Pensiamo, ad esempio, all'elevato uso della leva: si tratta di una peculiarità che caratterizza le società di pubblica utilità e che rende i loro cicli aziendali particolarmente dipendenti dai tassi di interesse. Oppure possiamo concentrarci sul fatto che sempre più i prezzi applicati ai beni e servizi dipendono dalla regolamentazione di un'autorità statale: le infrastrutture, il comparto degli armamenti e quello sanitario sono tutti settori che dovrebbero vedere grandi trasformazioni, in un senso o nell'altro, durante l'amministrazione Trump. La stessa politica monetaria è un fattore decisivo per quanto riguarda la determinazione del saggio di profitto dei servizi finanziari.
Se poi aggiungiamo le supposte riforme in ambito legislativo e fiscale in una direzione maggiormente favorevole alle imprese, vediamo che dalla mano pubblica dipendono non poco le sorti della crescita degli utili delle maggiori aziende statunitensi e con essa la tenuta delle quotazioni del mercato.
Non a caso diversi investitori istituzionali calcolano che, nell'ipotesi di un moderato taglio alle tasse da parte di Trump, si potrebbero aggiungere 7-8 dollari (circa il 5-6%) all'anno all'Eps complessivo dell'S&P 500. Ciò, insieme ad altri fattori, potrebbe portare a una crescita cumulata dei profitti intorno al 15%. Con un P/E forward ormai alle soglie di 18, non ci sarebbe da stupirsi però se complessivamente l'indice crescesse un po' meno.
Come si può vedere, vi è un concreto rischio di stagnazione e una componente sempre maggiore dei guadagni arriverà dai dividendi.

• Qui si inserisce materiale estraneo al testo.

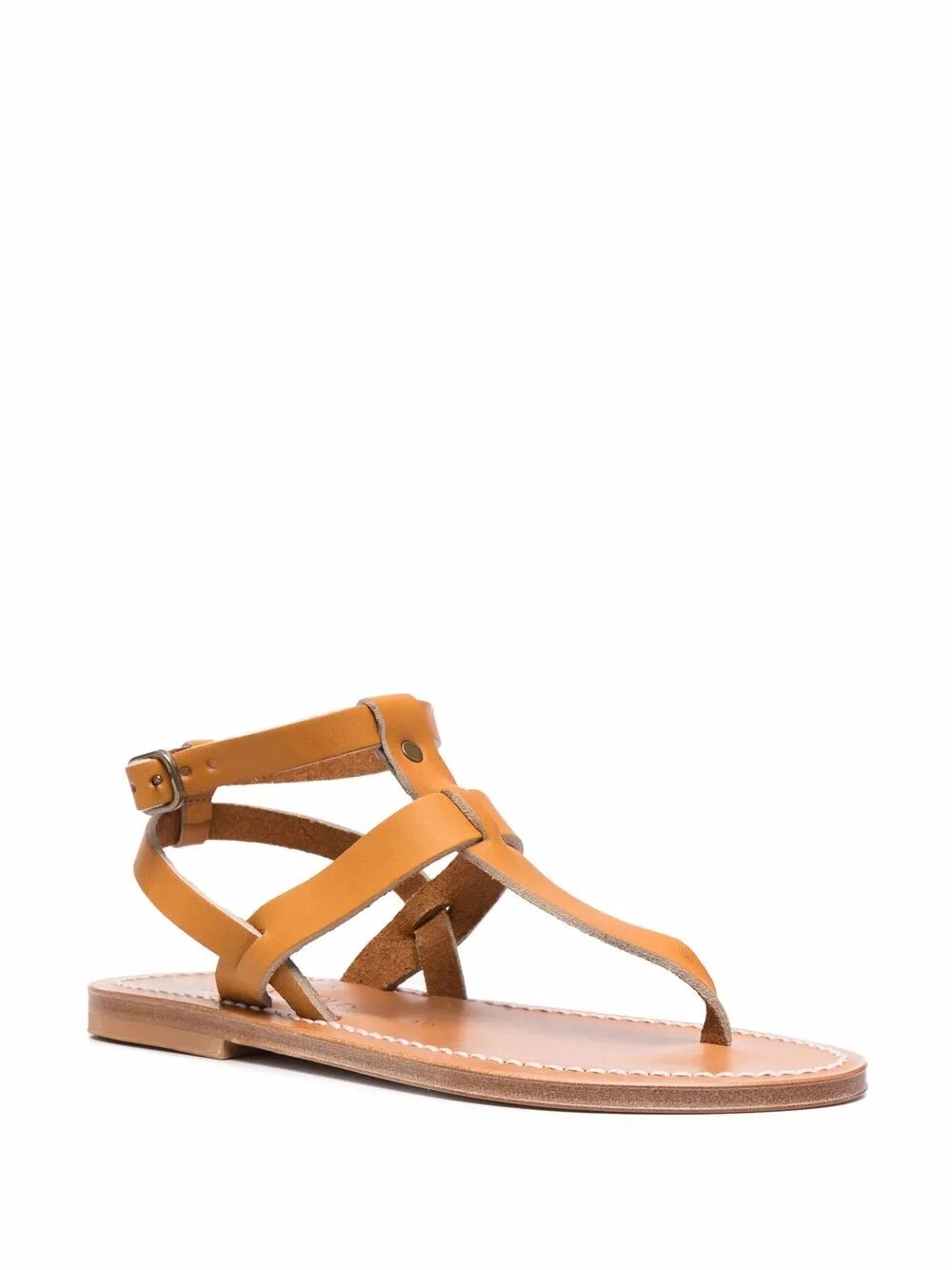 Kjacques Sandals - Nude & Neutrals | 6a1b4b4878180123c3922184f684bff87e32211d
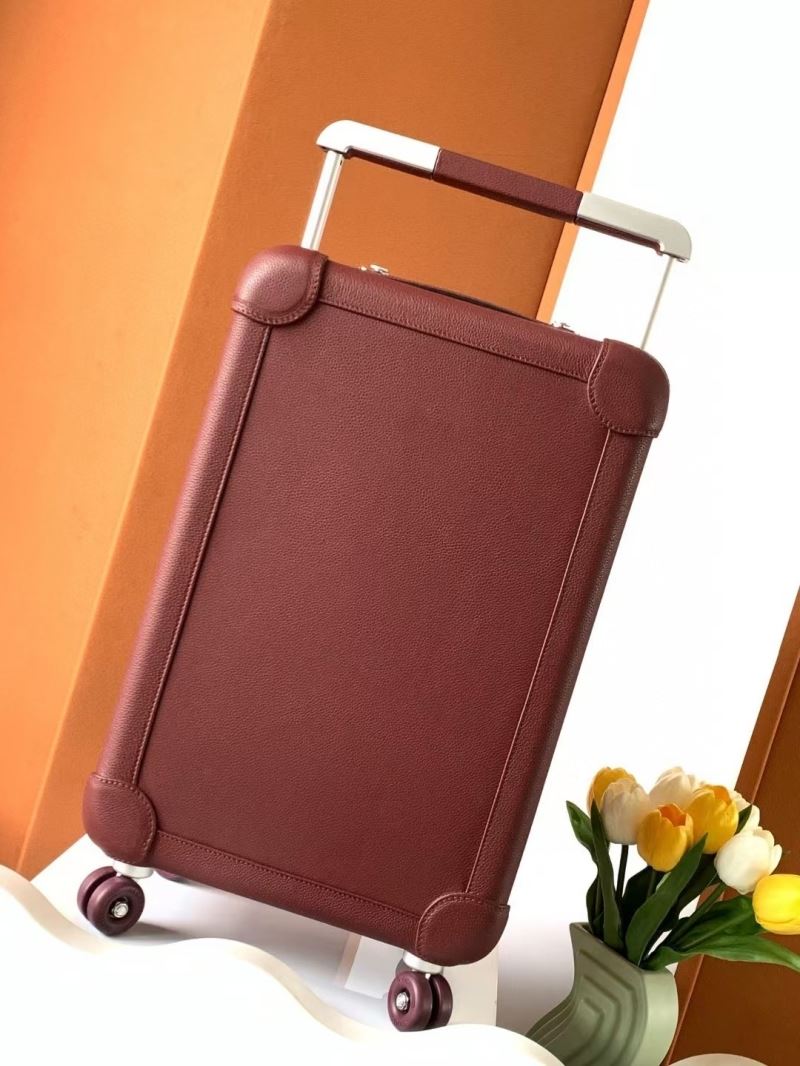 Hermes Suitcase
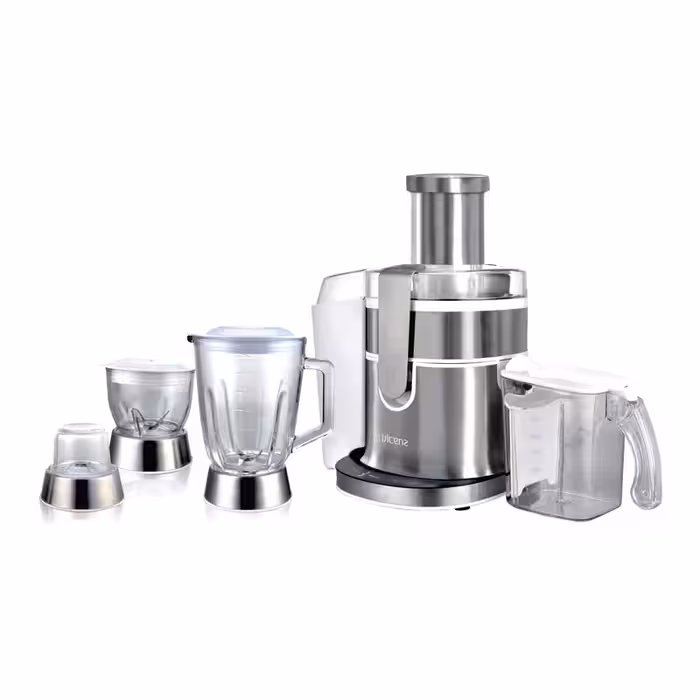 آبمیوه گیری ویکنز طرح  4 کاره مدل VIC-986 | چاوه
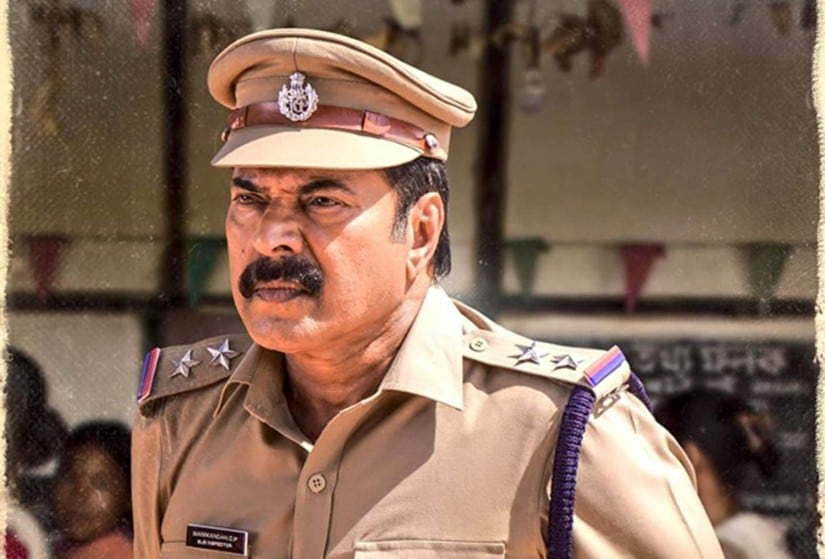 Unda Movie Review: 2019 Is The Year Of Mammootty, This Sweet-sad-funny 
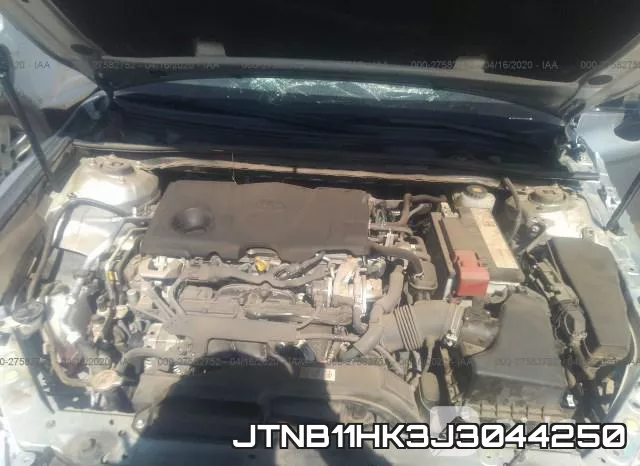JTNB11HK3J3044250 фото 2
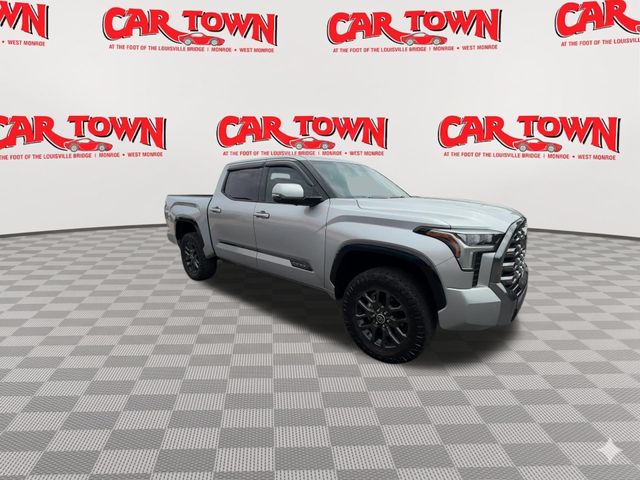 toyota tundra 2023 5TFNA5DB1PX094029 image toyota tundra 2023 5TFNA5DB1PX094029 image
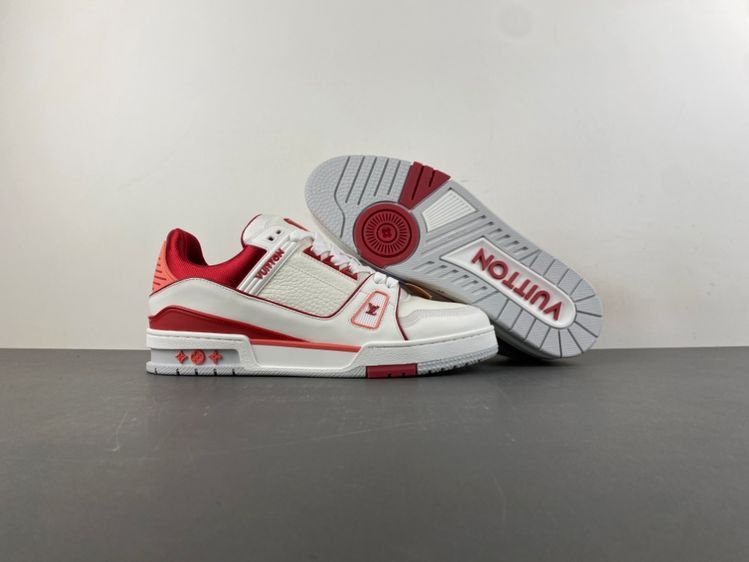 Louis Vuitton LV trainer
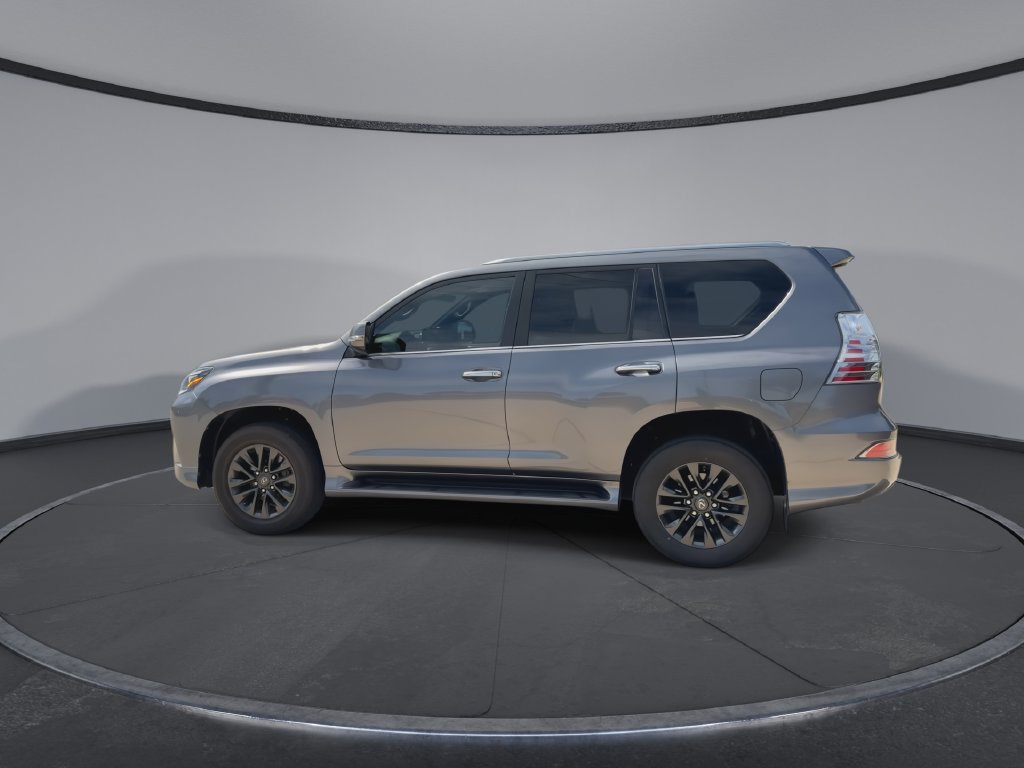 Certified 2022 Lexus GX 460 Premium AWD/4WD image 6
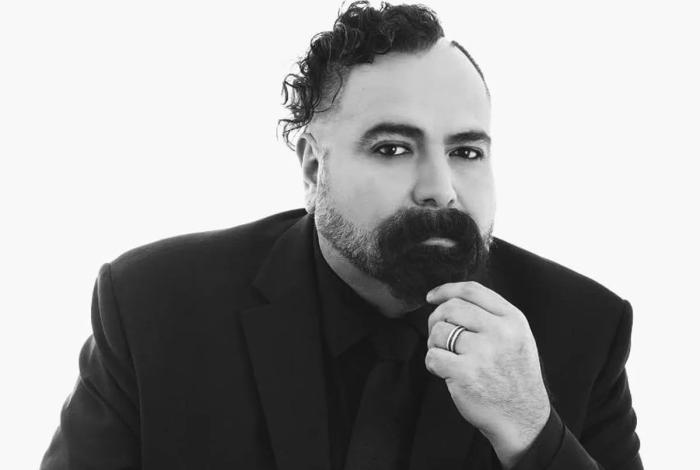 Familia del diseñador de moda Héctor Terrones revela la causa de su muerte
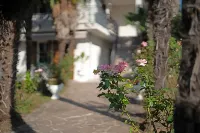 "Sybilvilla; A Stone's Throw from Venice" - Afhentnings-/afleveringstjenester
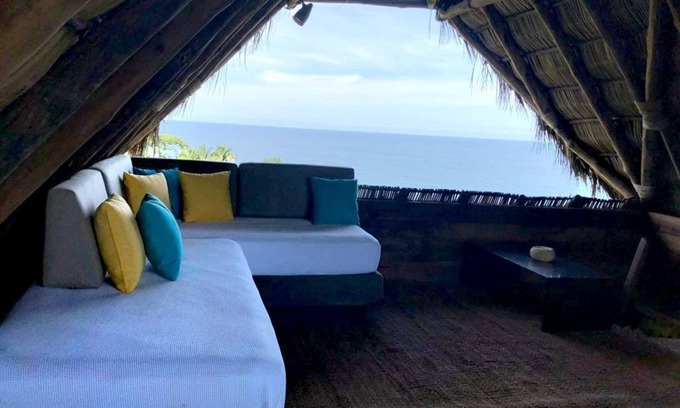 Sayulita Cabina | Troje Cabin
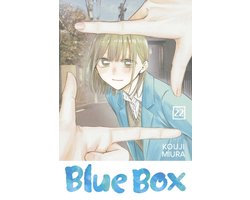 Blue Box- Blue Box, Vol. 22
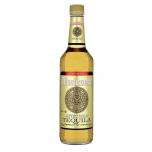 Montezuma - Aztec Gold Tequila (1750)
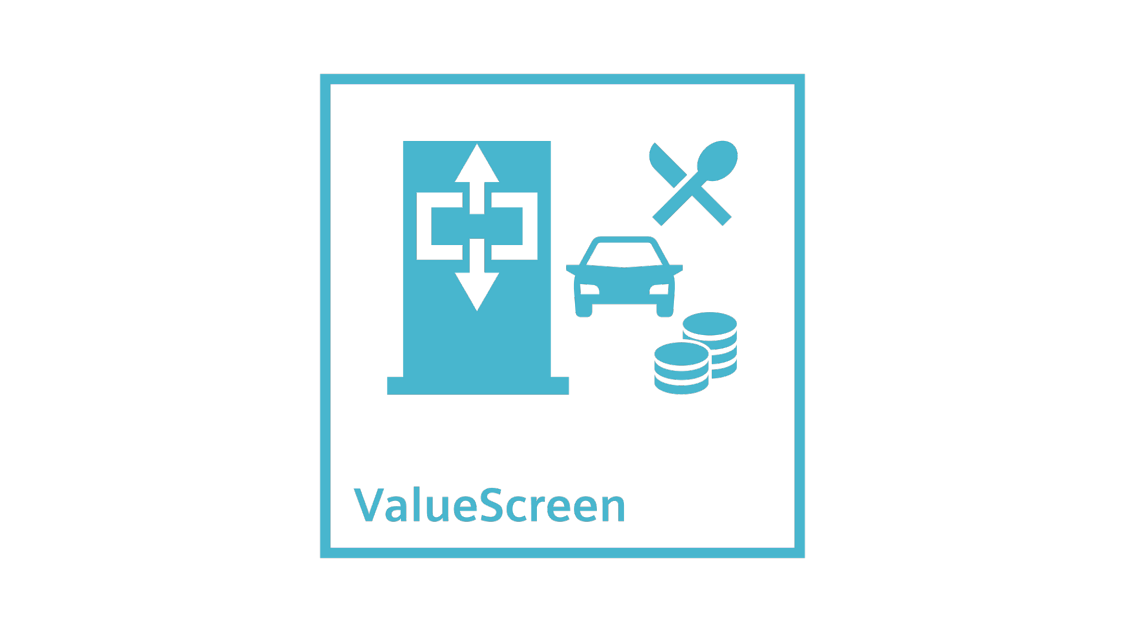 ValueScreen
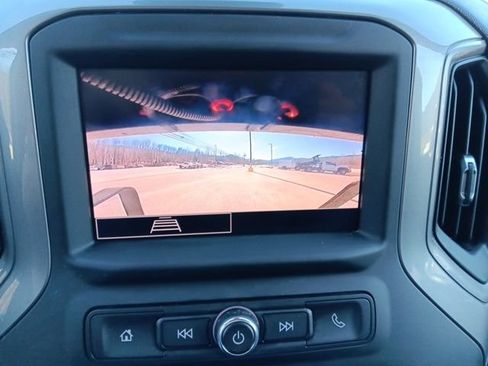 Used 2024 GMC Sierra 3500 Pro w/ Convenience Package image 23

Come dicevamo, si tratta dell'avvento di un modello utility generale. La discriminante da questo punto di vista sarà costituita dalla Fed: se essa dovesse fare una manovra di normalizzazione vera dei tassi di interesse, probabilmente andremmo incontro al primo vero bear market da un decennio a questa parte. Le ultime due volte che è stato tentato ciò, a fine anni '90 e nel 2004-2006, le conseguenze sono state disastrose. Non ci vuole un genio per immaginare che in un sistema a elevata leva alzare il costo del denaro non porta a una buona situazione.
L'alternativa, nel caso in cui il costo del denaro rimanga molto contenuto e la crescita economica tutto sommato stagnante, anche se magari un po' più elevata rispetto al recente passato, è tornare a vedere una correlazione fra andamento economico e quotazioni di borsa nell'ambito di un paradigma di calma piatta per entrambi.
Le trasformazioni economiche di questi ultimi anni, dunque, fanno sì che non sia così scontato vedere un nuovo potente bear market da qui a breve, semplicemente perché le valutazioni sono molto elevate. L'S&P 500 potrebbe normalizzarsi, evitando crash e picchi di volatilità semplicemente mettendo a segno una serie di rendimenti annuali storicamente bassi, che peraltro probabilmente saranno comunque più elevati del loro corrispondente europeo,
In uno scenario del genere si aprono ovviamente margini per strategie profondamente diverse da quelle risultate vincenti negli ultimi anni.